Óglaigh na h'Éireann ceasefire announcement 'long overdue'
The ceasefire announcement by Óglaigh na hÉireann has received a cautious welcome.
Sinn Fein president Gerry Adams was among the first to react.
The Louth TD said: "There can be no excuse or justification for the continued existence and operation of armed groups, either unionist or republican.
"Their continued existence leads only to hardship, loss, bereavement and imprisonment.
"There is a peaceful and democratic way forward to resolve political differences and to work towards an agreed and united Ireland."
Although the announcement means one of the deadliest dissident groups is moving away from violence, a number of other factions, including the New IRA and Continuity IRA, still continue to pose a threat.
PSNI Deputy Chief Constable Stephen Martin said: "The group has announced it is to suspend all actions against the 'British State', however, for years now, members have been heavily involved in extreme violence against people living in their own communities, including carrying out brutal beatings and shootings, as well as menacing acts of intimidation to create fear and control.
"These vicious attacks must also be consigned to the past.

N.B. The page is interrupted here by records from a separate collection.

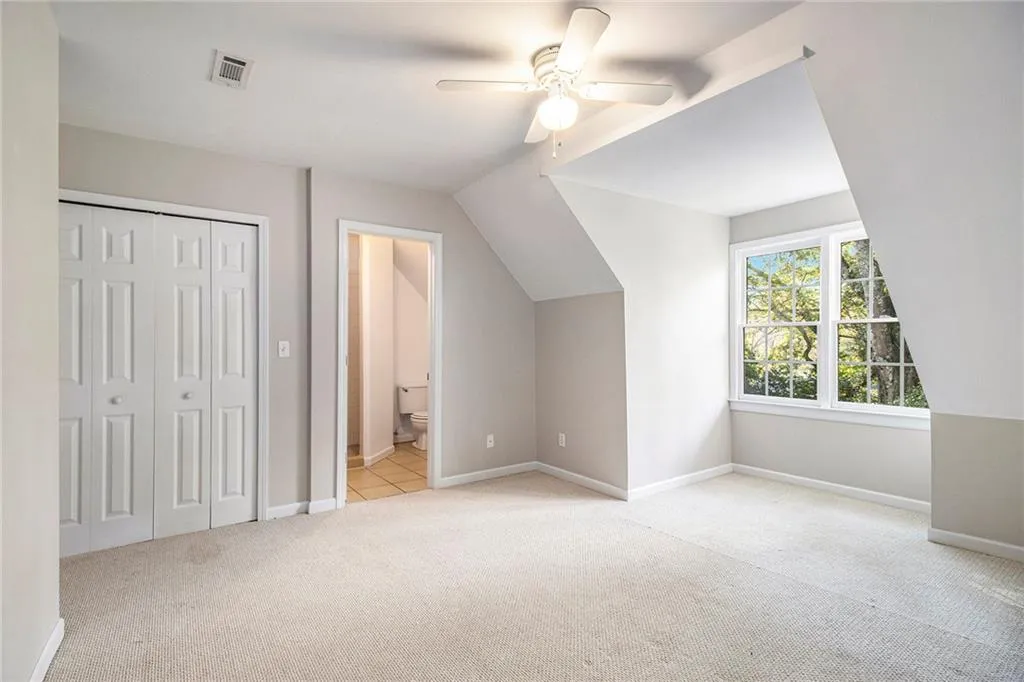 Additional living space featuring light colored carpet, lofted ceiling, and ceiling fan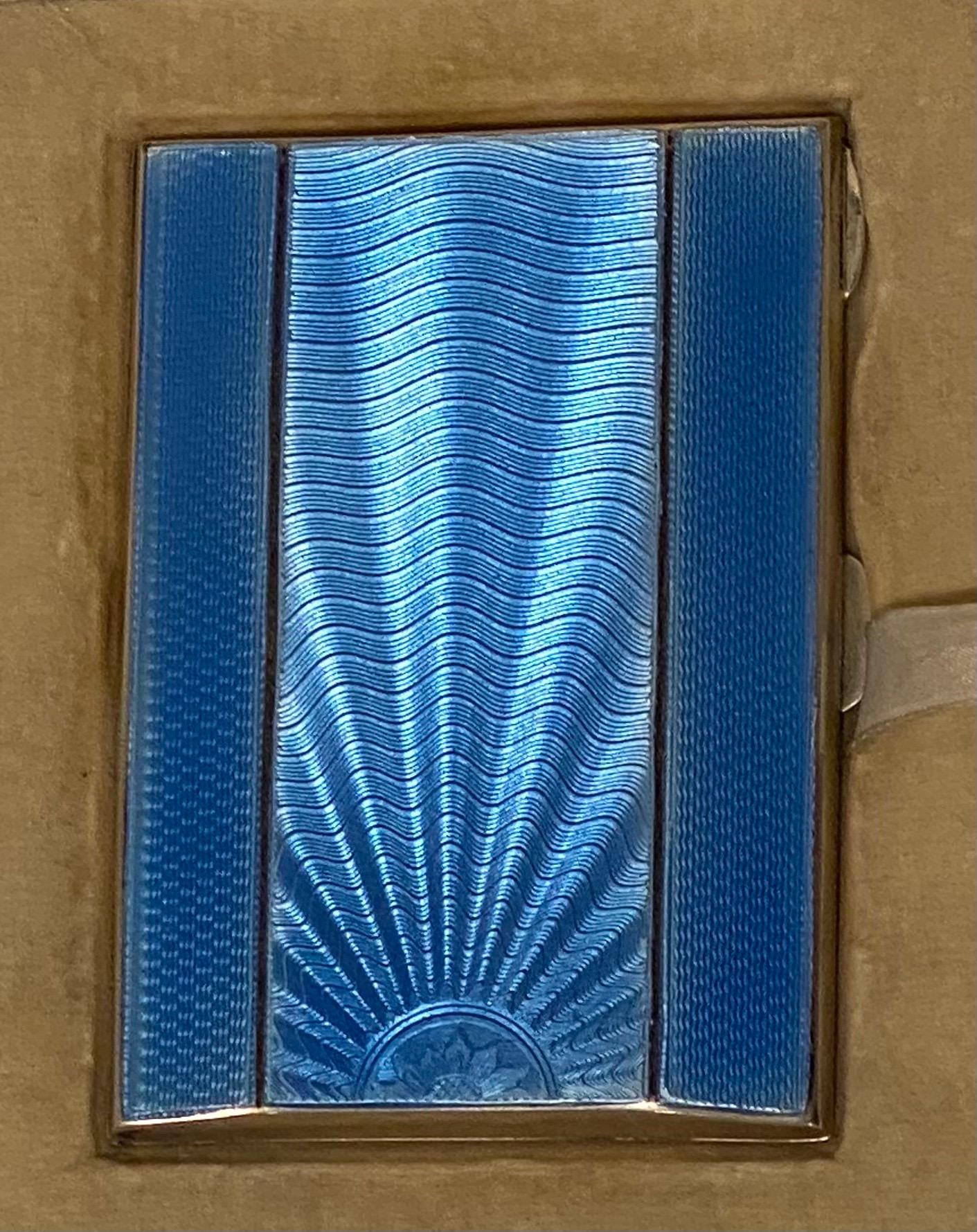 Fabulous! In absolutely beautiful, unused condition. The deep blue guilloche enamelling on this wonderful powder compact and cigarette case is immaculate. Iconically Art Deco each piece is stunning!. Marked with the hallmark of respected silversmith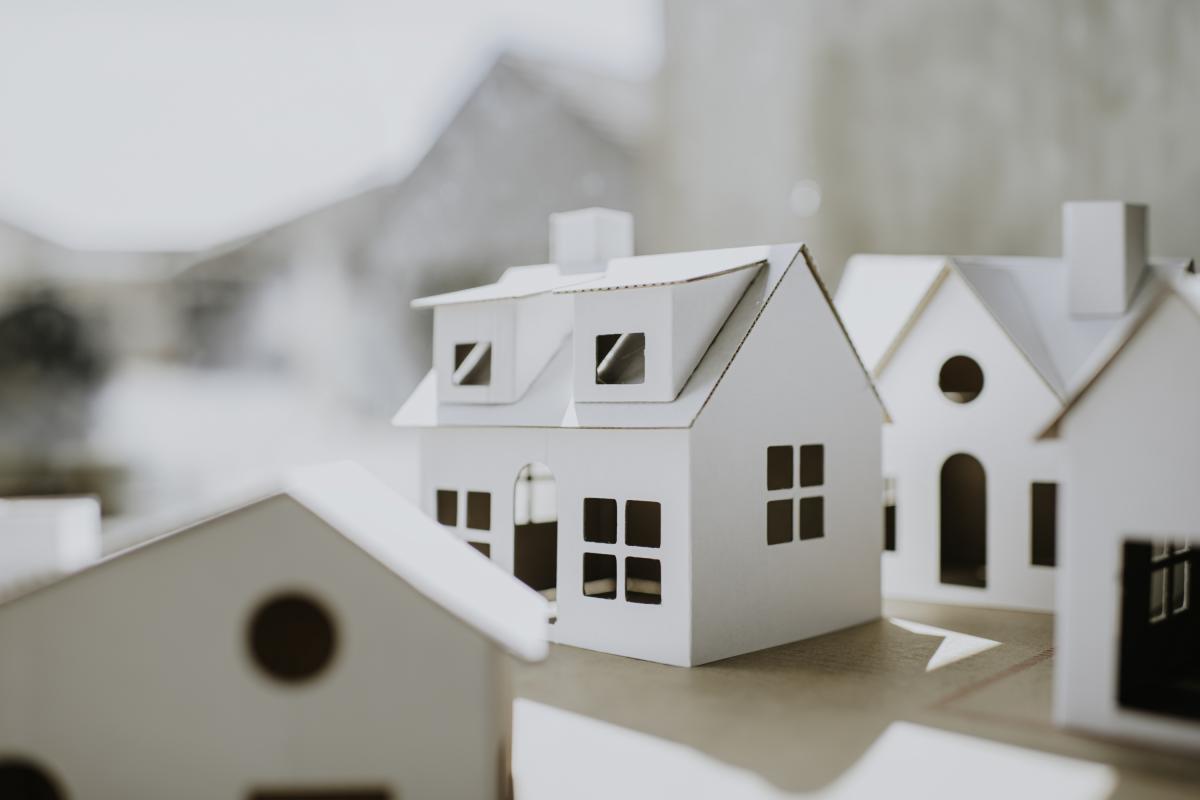 Imagen conceptual y sencilla de casas de cartón, blancas, lisas, de diversas formas y tamaños, con espacio para copiar.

It will be deeds that count ultimately, not words.
"Uppermost in my mind today are those who suffered, often most grievously, at the hands of ONH over the last decade.
"I urge ONH to live up to its commitment and also to take the further steps I've outlined.
"I would say to other groups involved in violence and criminality to follow suit and also stop immediately.
Colum Eastwood, leader of the SDLP, said the move was "long overdue".
"While we can welcome the move to cease using violence, we cannot allow for the past to be glossed over," he said.
"Let the failure of the violent campaigns of ONH and other violent actors instead serve as a hard won lesson on this island - bombs and bullets have never achieved progress.
"Again and again this island has known violence and again and again we have known its futility.
"Violence has only ever led to the hardening of hearts and the filling of graveyards.
"Today's announcement is also an opportunity for all the other fractures of dissident republican organisations to end their so-called 'campaigns'."
Meanwhile, Taoiseach Leo Varadkar has welcomed the ONH decision to end violence. In response to a question from Gerry Adams in the Dail, he also paid tribute to the "trade unionists, politicians and others" who had engaged with the terror group during two years of protracted negotiations which led up to the ceasefire announcement.
Tánaiste Simon Coveney also welcomed the new ONH commitment.
He said: "There is no place and no justification for violence and I call on all other dissident groups to follow suit.
"We hope and anticipate that this ceasefire will be proven to be definitive and comprehensive in word and in deed."